Fertig Alkohol
Unser Geschäftsleiter Heinrich Weingartner will dem Alkohol abschwören. Für immer. Gelingt ihm die endgültige Abstinenz?
Heinrich Weingartner — 01/24/22, 08:18 AM
Der Alkohol muss weg: Heinrich Weingartner hat genug von der Volksdroge Nummer 1.
Ich höre aus dem gleichen Grund auf, weshalb ich angefangen habe: Alkohol dämpft ab und macht gefügig. Ich füllte mich lange Zeit ab, um mich meinem Leben zu fügen. Es sagt viel über einen aus, wenn die Droge seiner Wahl das Bewusstsein nicht erweitert, sondern einengt. Ich habe fünfzehn feuchtfröhliche Jahre gebraucht, um das zu verstehen.
Alkohol ist die Verliererdroge schlechthin. Sich dümmer machen, als man ist. Kater haben, Fast Food fressen und mit halb geschlossenen Augen die Extended Edition von «Herr der Ringe» bingen. Filmrisse. Aggressiv werden. Sich wie der letzte Volltrottel benehmen. Am Bahnhof Ziegelbrücke, St. Gallen mit blutverschmiertem Gesicht aufwachen und nicht wissen, wie man dorthin gekommen ist. Laut werden, alles besser wissen. Das soll der Kitt unserer Gesellschaft sein? Es klingt eher wie der typische Tagesablauf eines Verlierers.

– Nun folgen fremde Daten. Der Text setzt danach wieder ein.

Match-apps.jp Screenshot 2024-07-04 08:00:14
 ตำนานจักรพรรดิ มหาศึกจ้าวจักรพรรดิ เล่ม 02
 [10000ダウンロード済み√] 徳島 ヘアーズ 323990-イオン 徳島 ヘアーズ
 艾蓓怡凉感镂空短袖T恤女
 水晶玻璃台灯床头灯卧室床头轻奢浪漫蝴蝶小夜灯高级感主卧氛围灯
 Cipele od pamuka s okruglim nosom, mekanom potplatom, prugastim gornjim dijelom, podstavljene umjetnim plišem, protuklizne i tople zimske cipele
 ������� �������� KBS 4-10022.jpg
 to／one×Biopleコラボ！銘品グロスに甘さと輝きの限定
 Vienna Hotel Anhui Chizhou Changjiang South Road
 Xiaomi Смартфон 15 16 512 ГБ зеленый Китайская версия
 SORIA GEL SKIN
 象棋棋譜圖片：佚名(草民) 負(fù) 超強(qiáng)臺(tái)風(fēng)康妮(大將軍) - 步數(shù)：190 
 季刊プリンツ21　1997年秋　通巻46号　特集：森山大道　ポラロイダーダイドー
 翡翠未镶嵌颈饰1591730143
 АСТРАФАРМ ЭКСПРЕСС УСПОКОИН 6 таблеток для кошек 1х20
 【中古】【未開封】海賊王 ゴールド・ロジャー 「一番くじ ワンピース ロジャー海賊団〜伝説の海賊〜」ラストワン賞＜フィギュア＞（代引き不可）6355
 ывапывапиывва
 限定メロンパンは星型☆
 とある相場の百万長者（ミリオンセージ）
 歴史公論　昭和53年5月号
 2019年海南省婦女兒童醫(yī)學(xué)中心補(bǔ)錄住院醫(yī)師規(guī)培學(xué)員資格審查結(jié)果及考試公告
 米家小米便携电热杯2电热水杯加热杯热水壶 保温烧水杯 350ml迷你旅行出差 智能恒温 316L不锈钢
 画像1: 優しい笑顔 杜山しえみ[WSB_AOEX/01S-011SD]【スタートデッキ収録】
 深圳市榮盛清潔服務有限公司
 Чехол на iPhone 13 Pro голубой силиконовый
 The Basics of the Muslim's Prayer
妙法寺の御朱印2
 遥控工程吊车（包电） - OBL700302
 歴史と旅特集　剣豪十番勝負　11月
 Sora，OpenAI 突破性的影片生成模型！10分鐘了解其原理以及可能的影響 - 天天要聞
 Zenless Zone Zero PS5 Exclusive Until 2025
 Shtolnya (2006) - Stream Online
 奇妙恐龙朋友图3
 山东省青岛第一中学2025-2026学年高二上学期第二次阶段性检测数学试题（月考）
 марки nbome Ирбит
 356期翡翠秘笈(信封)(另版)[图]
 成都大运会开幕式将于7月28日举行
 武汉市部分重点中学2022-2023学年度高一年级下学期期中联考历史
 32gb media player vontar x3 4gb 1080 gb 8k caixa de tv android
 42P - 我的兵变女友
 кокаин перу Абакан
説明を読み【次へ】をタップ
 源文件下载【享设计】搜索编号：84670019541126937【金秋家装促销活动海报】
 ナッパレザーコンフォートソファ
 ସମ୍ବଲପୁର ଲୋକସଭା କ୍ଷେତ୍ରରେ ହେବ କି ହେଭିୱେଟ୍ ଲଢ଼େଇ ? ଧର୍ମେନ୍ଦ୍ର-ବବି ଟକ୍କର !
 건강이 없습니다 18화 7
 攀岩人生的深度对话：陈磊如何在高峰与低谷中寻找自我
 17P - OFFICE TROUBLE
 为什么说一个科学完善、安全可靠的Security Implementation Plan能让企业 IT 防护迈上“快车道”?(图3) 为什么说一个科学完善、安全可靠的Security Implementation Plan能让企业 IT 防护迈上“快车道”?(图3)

Alles, was man mit Alkohol zu gewinnen meint, entpuppt sich nach der Ausnüchterung als Illusion.
Alkohol ist auch eine Verliererdroge, weil er viele geschätzte Dinge verloren gehen lässt: Geld, Hirnzellen, Beziehungen, Freunde. Und alles, was man mit Alkohol zu gewinnen meint, entpuppt sich nach der Ausnüchterung als Illusion. All die Schnapsideen, Bierbekanntschaften und Weinromanzen trocknen aus und verlieren ihren Glanz. Sie sind eben bloss mit Alkohol gut, gesellig und lustig. Deshalb lautet die oberste Devise: weitertrinken. Ein perfider Teufelskreis.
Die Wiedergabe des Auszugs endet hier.